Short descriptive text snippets

━━━━━━━━━━━━━━━━━━━━

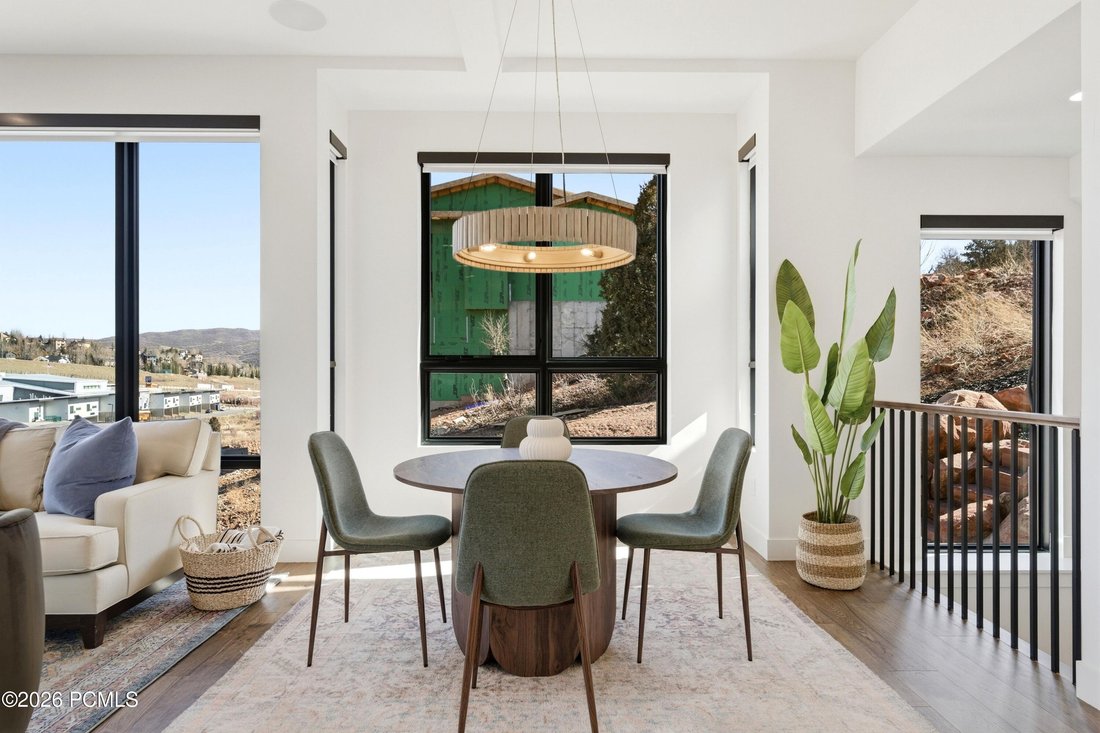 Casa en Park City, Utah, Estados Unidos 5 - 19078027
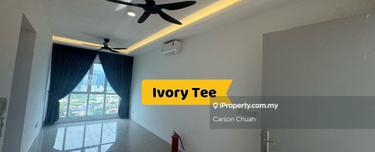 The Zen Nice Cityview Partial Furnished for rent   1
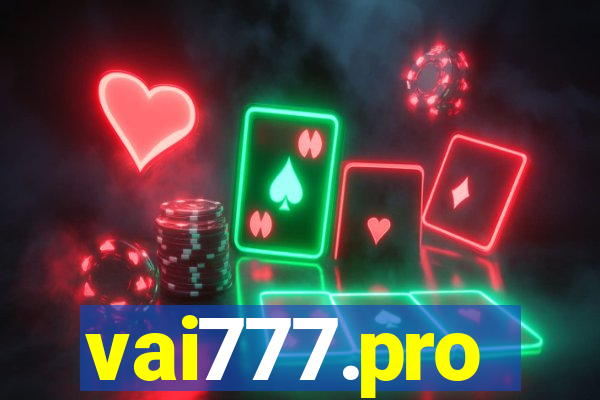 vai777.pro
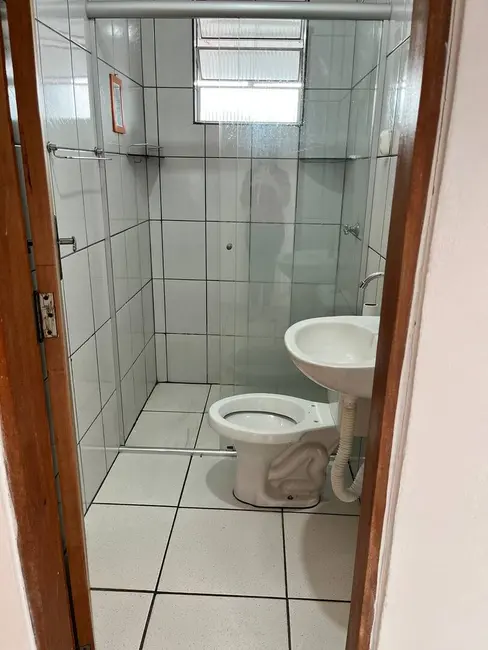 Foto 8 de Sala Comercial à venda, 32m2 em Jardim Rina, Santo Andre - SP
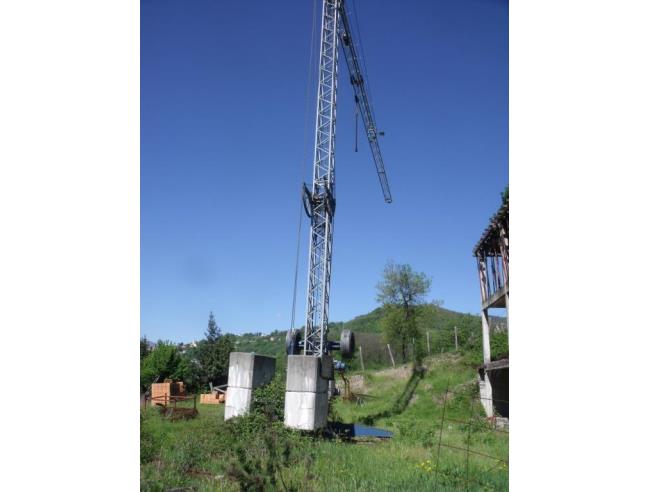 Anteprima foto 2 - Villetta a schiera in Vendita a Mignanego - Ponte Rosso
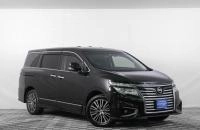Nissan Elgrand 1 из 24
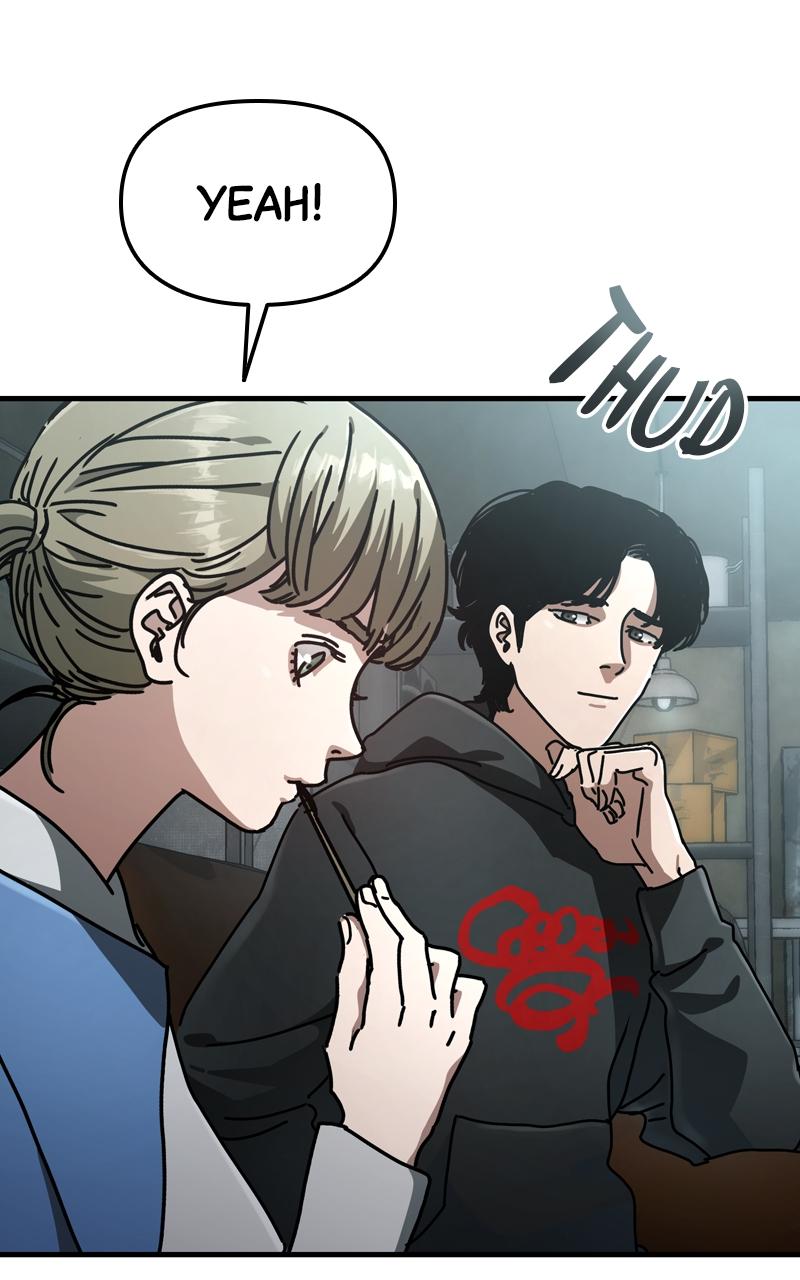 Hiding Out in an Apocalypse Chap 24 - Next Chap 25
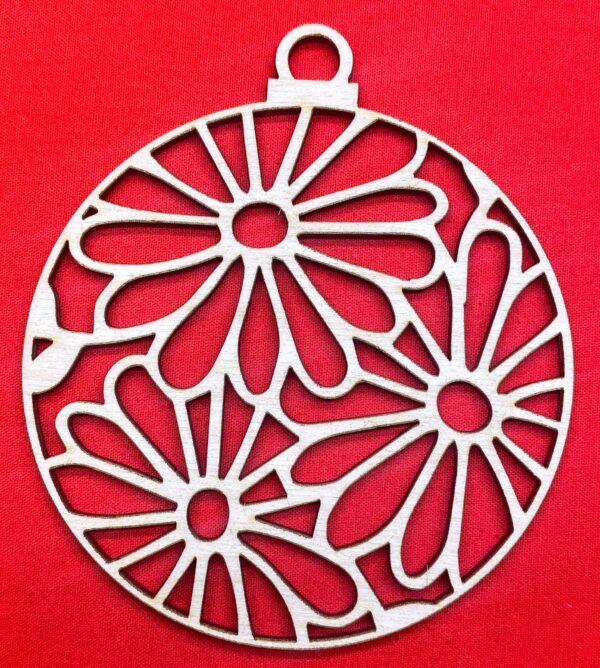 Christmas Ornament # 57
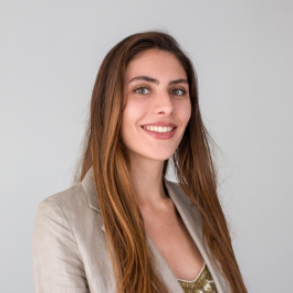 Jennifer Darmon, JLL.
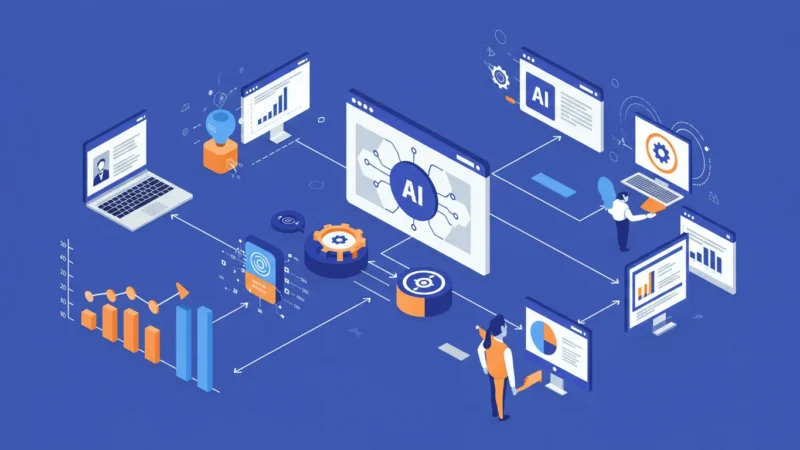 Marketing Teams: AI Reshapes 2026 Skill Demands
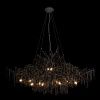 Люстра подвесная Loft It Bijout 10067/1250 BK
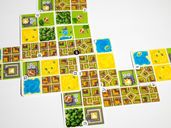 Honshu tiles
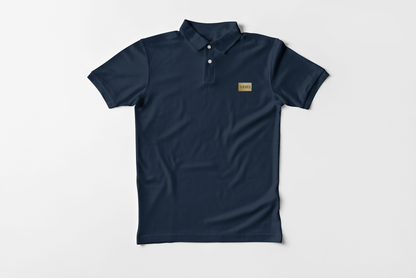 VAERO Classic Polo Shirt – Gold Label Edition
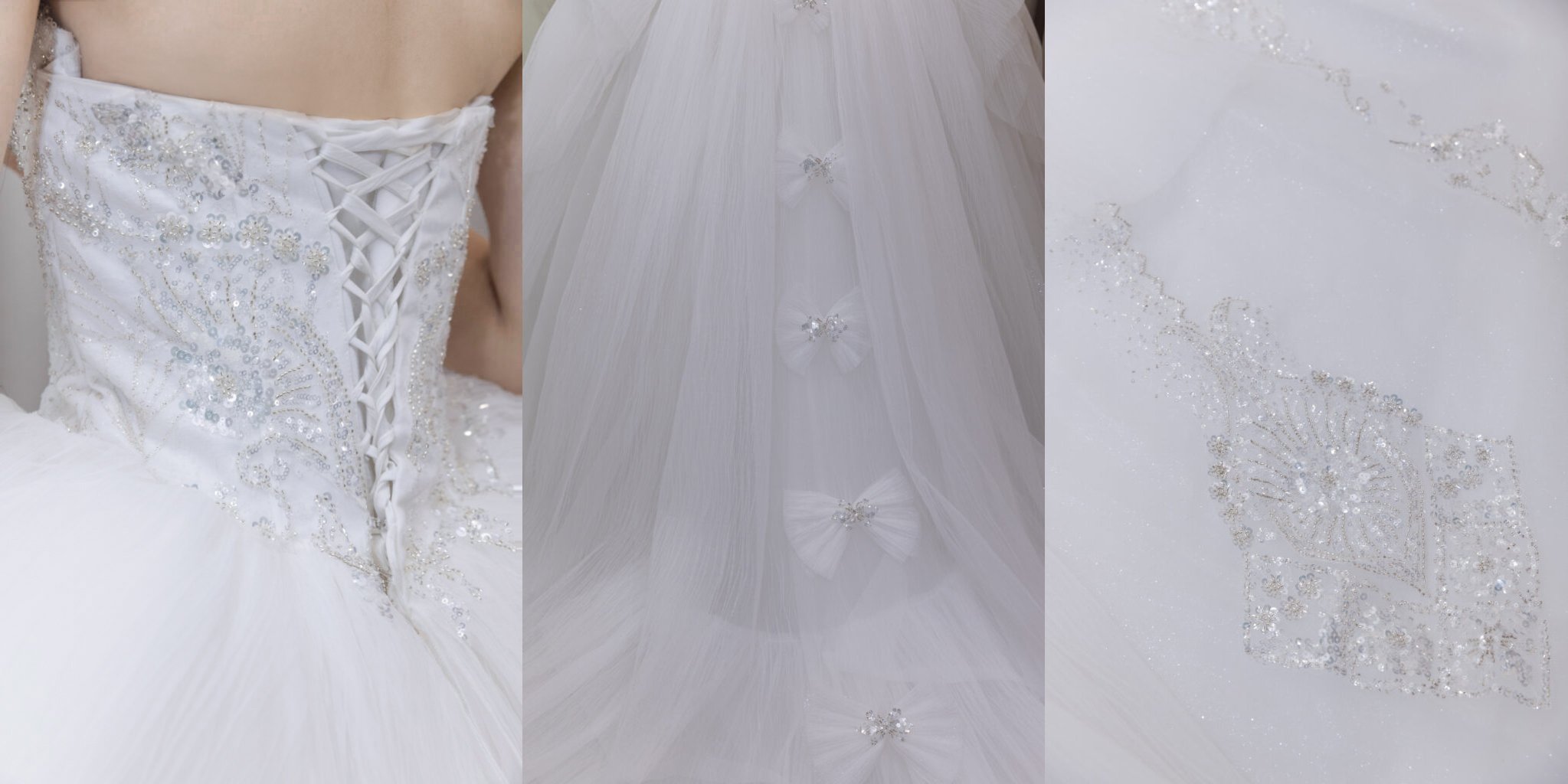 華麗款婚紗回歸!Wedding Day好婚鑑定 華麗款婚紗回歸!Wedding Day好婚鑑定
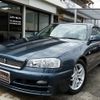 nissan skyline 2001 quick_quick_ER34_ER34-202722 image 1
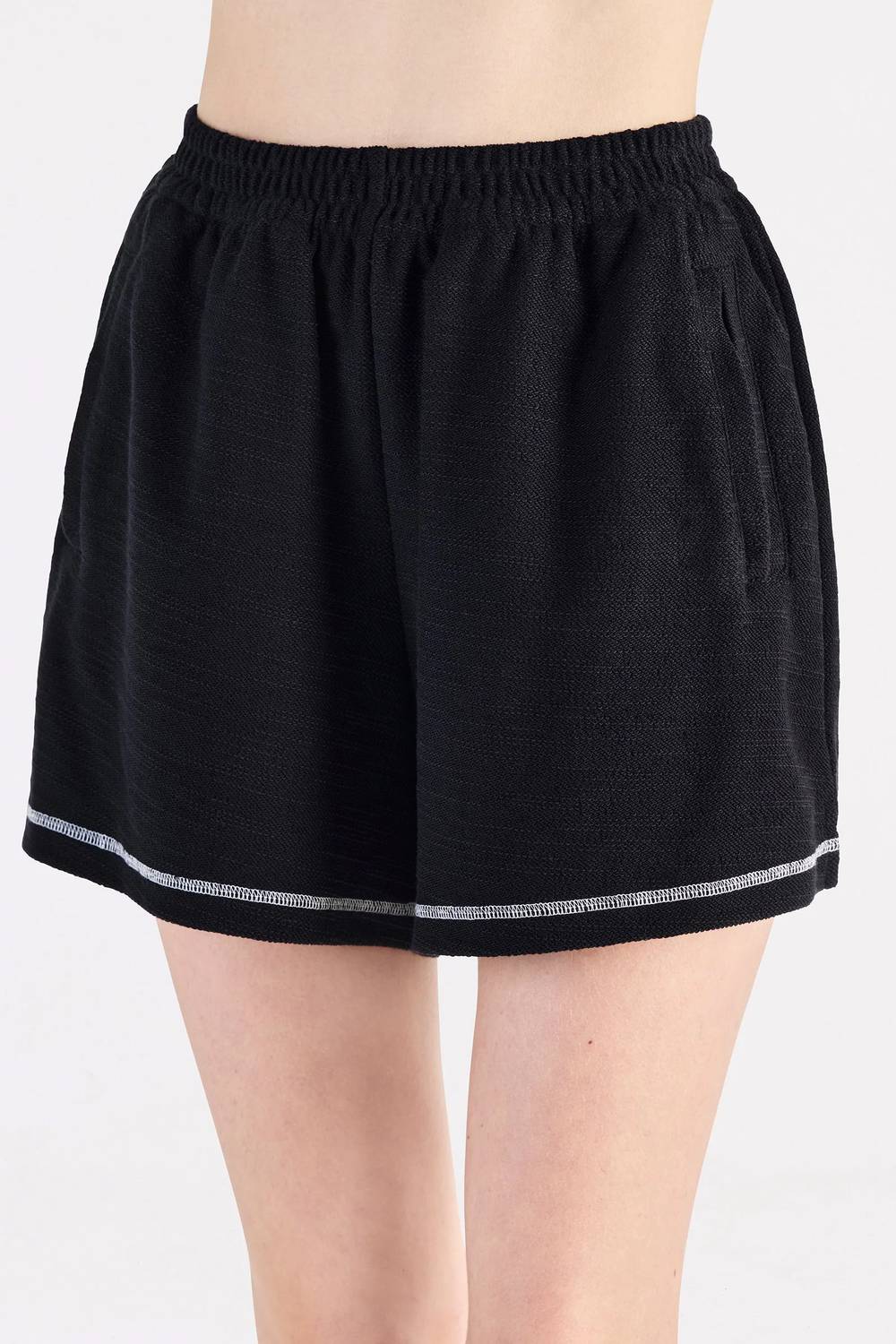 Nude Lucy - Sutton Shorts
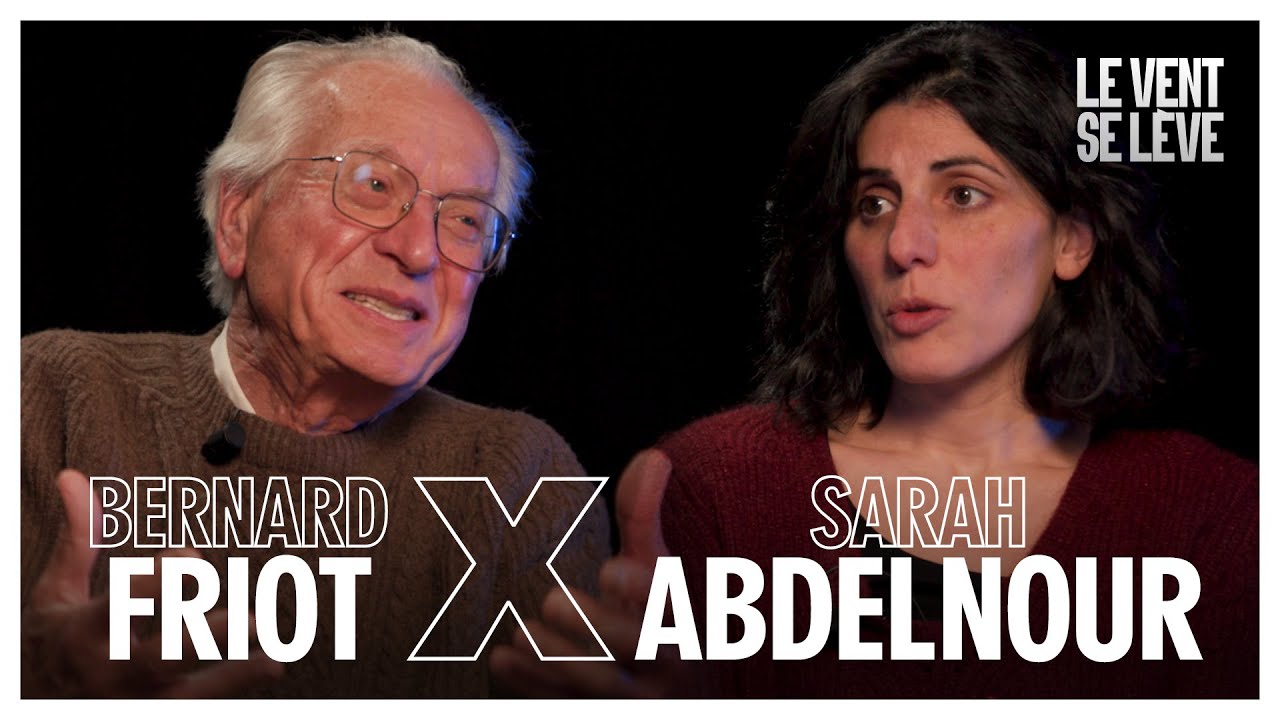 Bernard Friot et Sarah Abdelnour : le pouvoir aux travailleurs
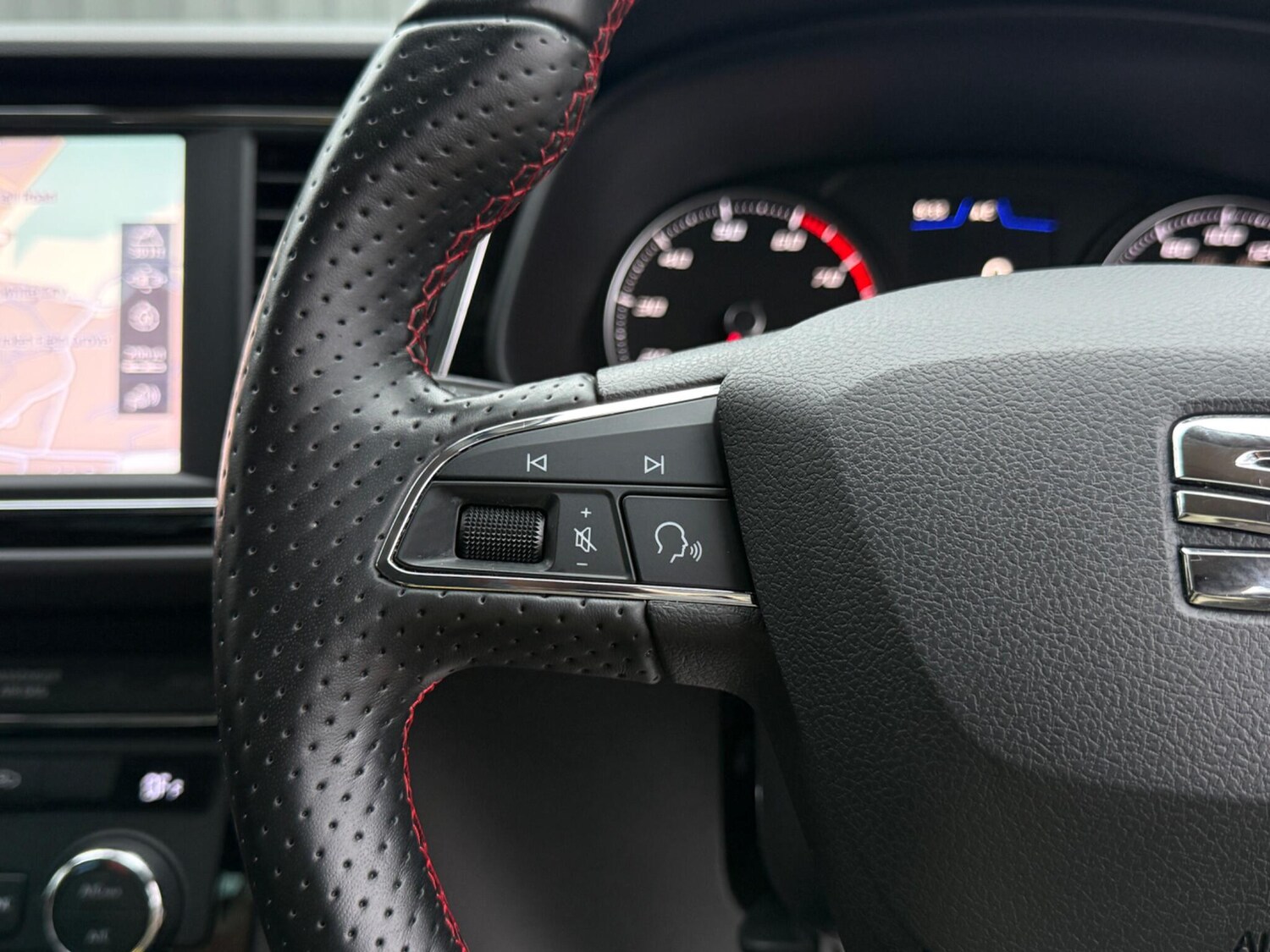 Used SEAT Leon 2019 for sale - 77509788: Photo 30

━━━━━━━━━━━━━━━━━━━━

EXERCISE GOAL: What's needed is every line above, retyped exactly and free of pictures.

OUTPUT OF THE TASK:
 Casa en Park City, Utah, Estados Unidos 5 - 19078027
 The Zen Nice Cityview Partial Furnished for rent   1
 vai777.pro
 Foto 8 de Sala Comercial à venda, 32m2 em Jardim Rina, Santo Andre - SP
 Anteprima foto 2 - Villetta a schiera in Vendita a Mignanego - Ponte Rosso
Nissan Elgrand 1 из 24
 Hiding Out in an Apocalypse Chap 24 - Next Chap 25
 Christmas Ornament # 57
 Jennifer Darmon, JLL.
 Marketing Teams: AI Reshapes 2026 Skill Demands
 Люстра подвесная Loft It Bijout 10067/1250 BK
 Honshu tiles
 VAERO Classic Polo Shirt – Gold Label Edition
 華麗款婚紗回歸!Wedding Day好婚鑑定 華麗款婚紗回歸!Wedding Day好婚鑑定
 nissan skyline 2001 quick_quick_ER34_ER34-202722 image 1
 Nude Lucy - Sutton Shorts
 Bernard Friot et Sarah Abdelnour : le pouvoir aux travailleurs
 Used SEAT Leon 2019 for sale - 77509788: Photo 30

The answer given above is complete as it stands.